* Source material
────────────────────────────────────────

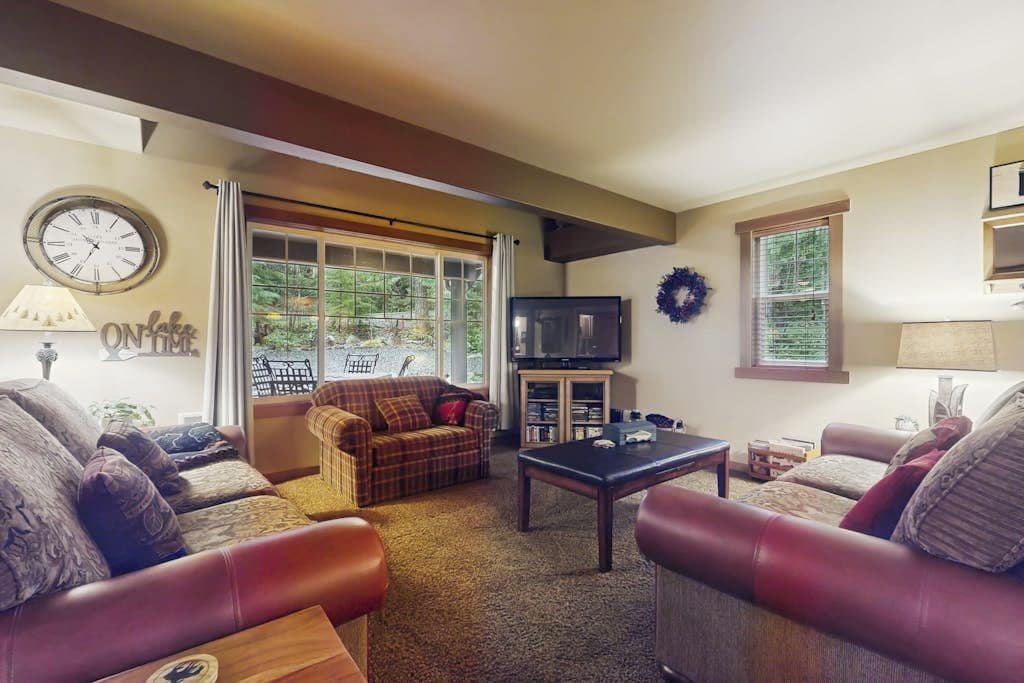 Una sala de estar con sofás de cuero, una mesa de centro, un televisor y una chimenea.
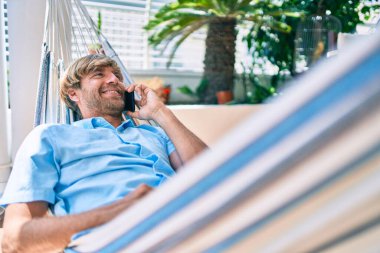 Orta yaşlı yakışıklı bir adam evinin terasında, bir hamakta uzanıp telefonda konuşuyor.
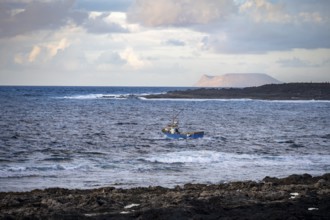 Fishing boat out to sea in the evening, seaside coast with volcanic rocks at sunset, La Santa,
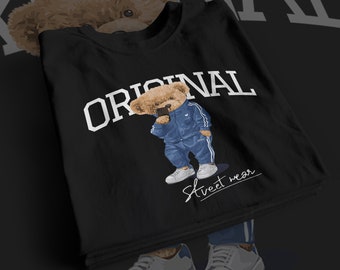 May include: Black t-shirt with the word "ORIGINAL" in white block letters. The shirt features a cartoon teddy bear wearing a blue tracksuit and white sneakers. The words "Street wear" are written in cursive.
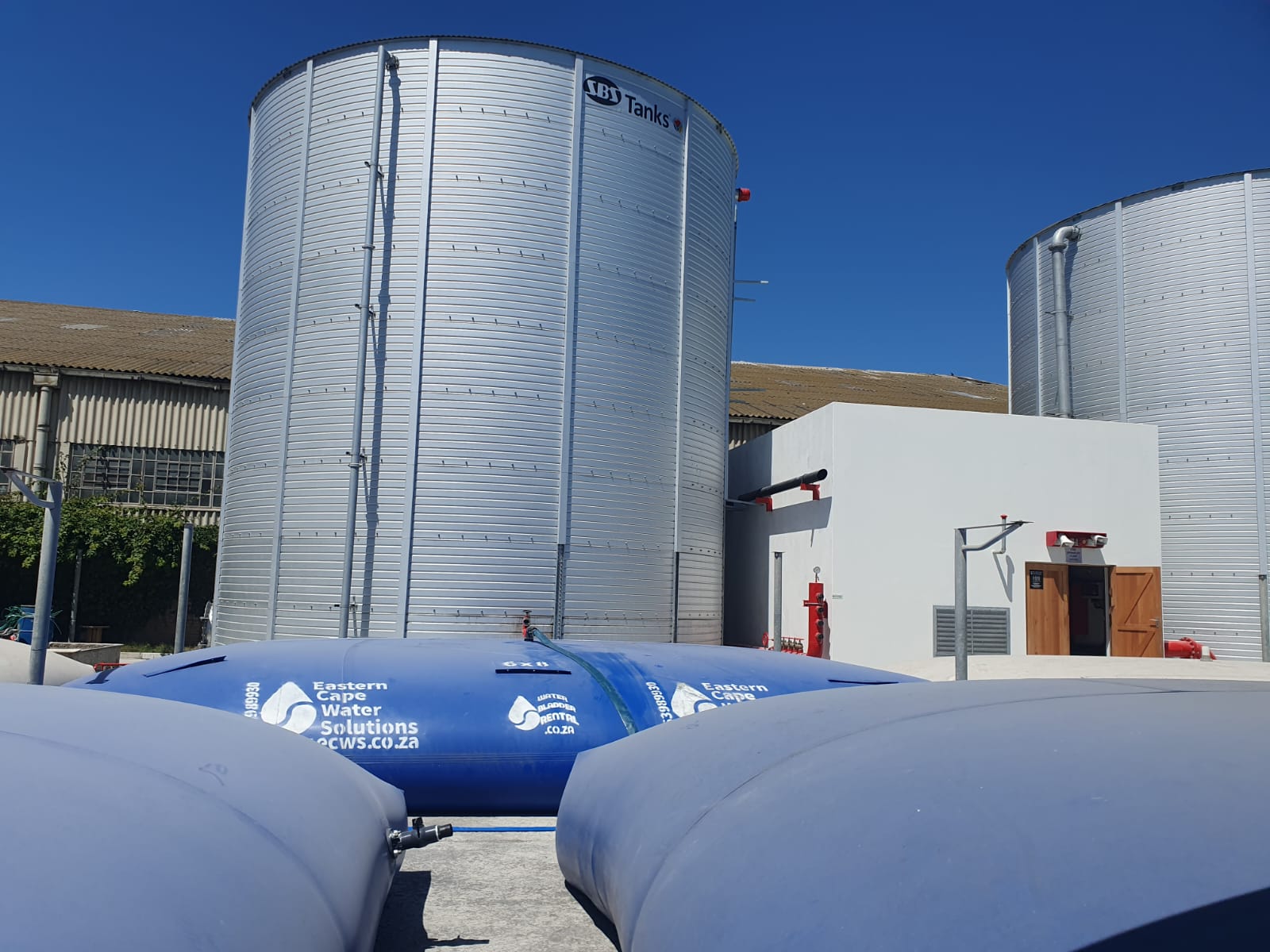Water bladders providing temporary storage beside large steel reservoir tanks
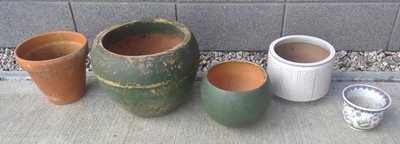 Lot 146 - Five Terracotta and Glazed Flower pots. The...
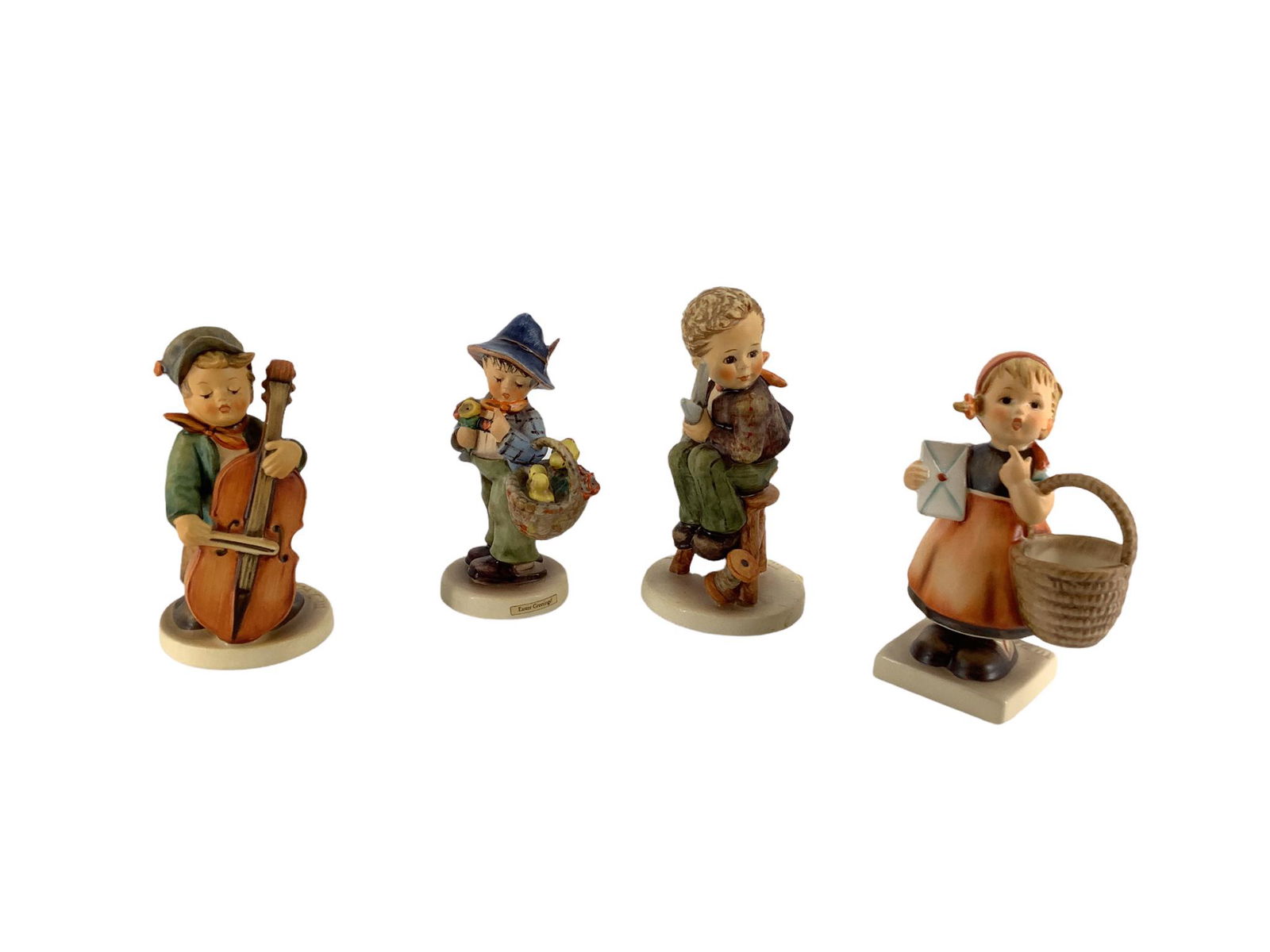 Lot of 4 Hummel figures which include "Sweet Music ", "Little Tailor", "Easter Greetings ", and (1 of 3)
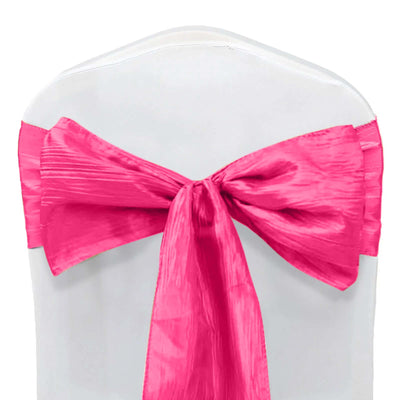 Pink satin chair sash tied in a bow on a white chair.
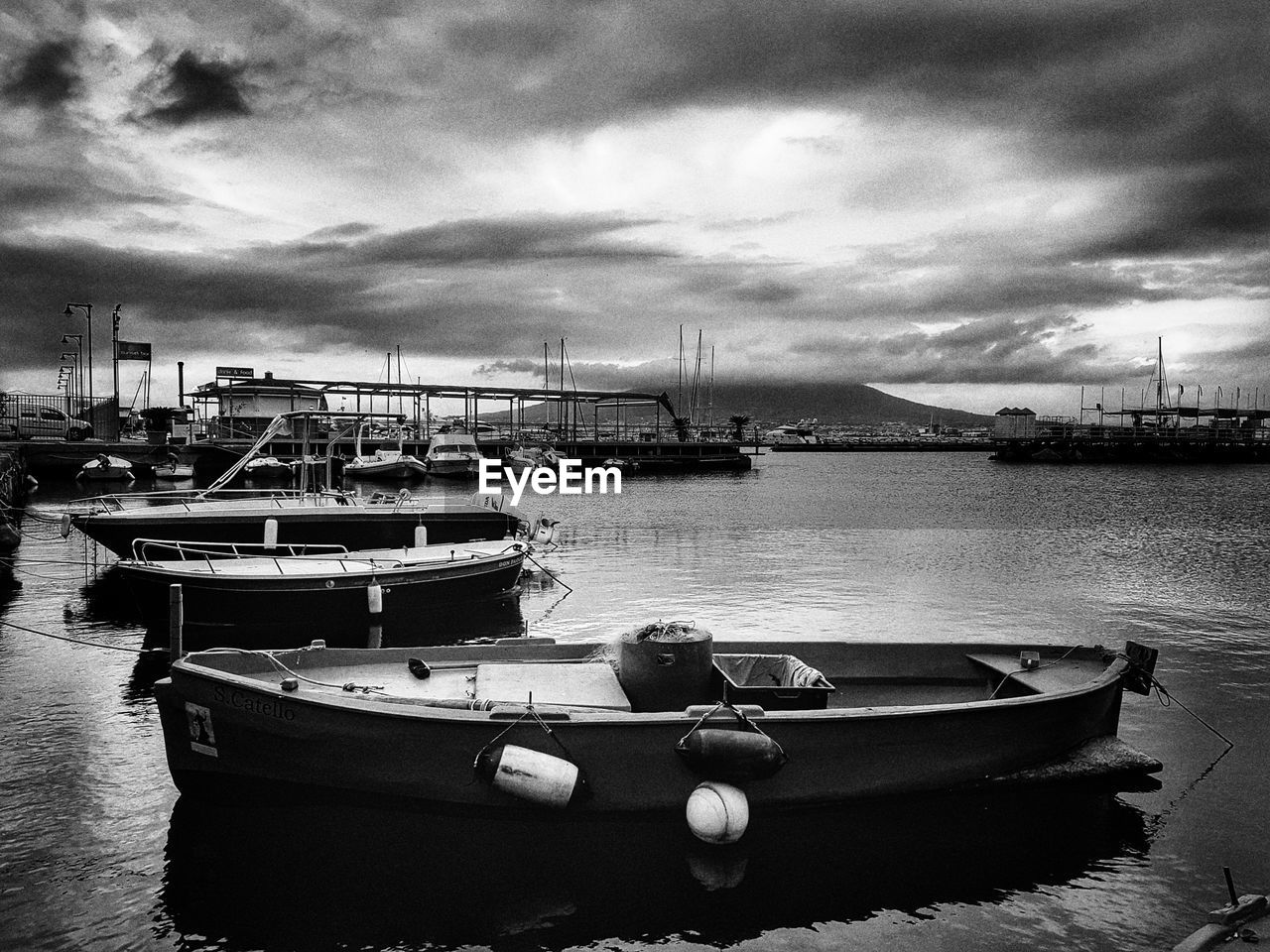 BOATS MOORED AT HARBOR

────────────────────────────────────────

* What is required
The answer is the listing above repeated verbatim, minus its images.

* Answer for the task
 Una sala de estar con sofás de cuero, una mesa de centro, un televisor y una chimenea.
 Orta yaşlı yakışıklı bir adam evinin terasında, bir hamakta uzanıp telefonda konuşuyor.
 Fishing boat out to sea in the evening, seaside coast with volcanic rocks at sunset, La Santa,
 May include: Black t-shirt with the word "ORIGINAL" in white block letters. The shirt features a cartoon teddy bear wearing a blue tracksuit and white sneakers. The words "Street wear" are written in cursive.
Water bladders providing temporary storage beside large steel reservoir tanks
 Lot 146 - Five Terracotta and Glazed Flower pots. The...
 Lot of 4 Hummel figures which include "Sweet Music ", "Little Tailor", "Easter Greetings ", and (1 of 3)
 Pink satin chair sash tied in a bow on a white chair.
 BOATS MOORED AT HARBOR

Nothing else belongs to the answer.